Violence à l’égard des femmes : L’appel de Denis Mukwege feat la Conférence des hommes sur la Masculinité Positive

Le monde entier a célébré la journée internationale pour l’élimination de la violence à l’égard des femmes, ce 25 novembre. C’est dans ce contexte que 6 chefs d’États africains se sont réunis ce jour à Kinshasa, la capitale de la République démocratique du Congo, RDC,  dans le cadre de la Conférence des hommes sur la Masculinité Positive. Une initiative du président congolais et de de l’Union Africaine, UA., Félix Tshisekedi, qui semble avoir trouvé l’écho dans l’appel lancé la veille par le Prix Nobel de la paix Denis Mukwege.

Photo de famille à l’occasion de la Conférence des hommes sur la masculinité positive tenue à Kinshasa le 25 Novembre 2021 (Photo droits tiers)

En effet, le docteur Denis Mukwege, Prix Nobel de la Paix, a lancé mercredi un appel à « la fin de l’impunité » face aux violences faites aux femmes dans le cadre de la journée internationale pour l’élimination de la violence à l’égard des femmes, ce 25 novembre.

« Les violences faites aux femmes constituent l’une des violations les plus graves des droits humains et sont répandues partout à travers le monde, dans toutes les sociétés et dans toutes les classes sociales », écrit dans un communiqué le Dr Denis Mukwege, gynécologue congolais qui a reçu en 2018 le Prix Nobel de la Paix pour son action en faveur des femmes victimes de viols utilisés comme armes de guerre.
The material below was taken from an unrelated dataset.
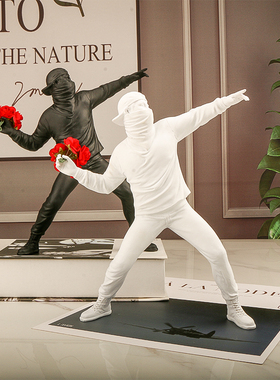 banksy班克斯扔花男人班克西雕塑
Ces violences « sont évitables et doivent cesser maintenant », nous devons « mettre fin à cette véritable pandémie mondiale », dit-il. Selon lui, « l’origine principale des violences basées sur le genre est l’inégalité entre les femmes et les hommes dans nos sociétés patriarcales ». Et d’ajouter : « Le meilleur outil pour les prévenir et les éliminer, est l’éducation », prodiguée « par les parents et les enseignants », mais aussi les « chefs coutumiers » et « leaders religieux ».

Il est aussi « urgent », ajoute-t-il, « d’éliminer ou de réformer toutes les législations qui entretiennent des discriminations basées sur le sexe ». La « prise en charge des victimes » et « la poursuite des agresseurs » s’imposent également. « Le temps est venu de mettre fin à la culture de l’impunité en matière de violences faites aux femmes », martèle Denis Mukwege, qui se dit « encouragé par la libération de la parole des survivantes ».

Le Prix Nobel de la Paix, le Congolais Denis Mukwege (Photo droits tiers)

Pour Denis Mukwege le Prix Nobel de la Paix 2018, « il faut briser le silence, qui est l’arme ultime des agresseurs » en appelant « à faire de l’élimination des violences faites aux femmes une priorité au niveau international ».

Ce qui coïncide à l’engagement pris par les Chefs d’Etats présents à Kinshasa le 25 Novembre dans le cadre de la Conférence des hommes sur la Masculinité Positive. Paul Kagame Faure Gnassingbé, Denis Sassou-Nguesso, Macky Sall, Nana Akufo-Ado, Helen Johnson et Félix Tshisekedi se sont engagés à l’issue des assises de Kinshasa dans des approches de masculinité positive pour mettre fin au fléau de la violence contre les femmes et les filles en Afrique.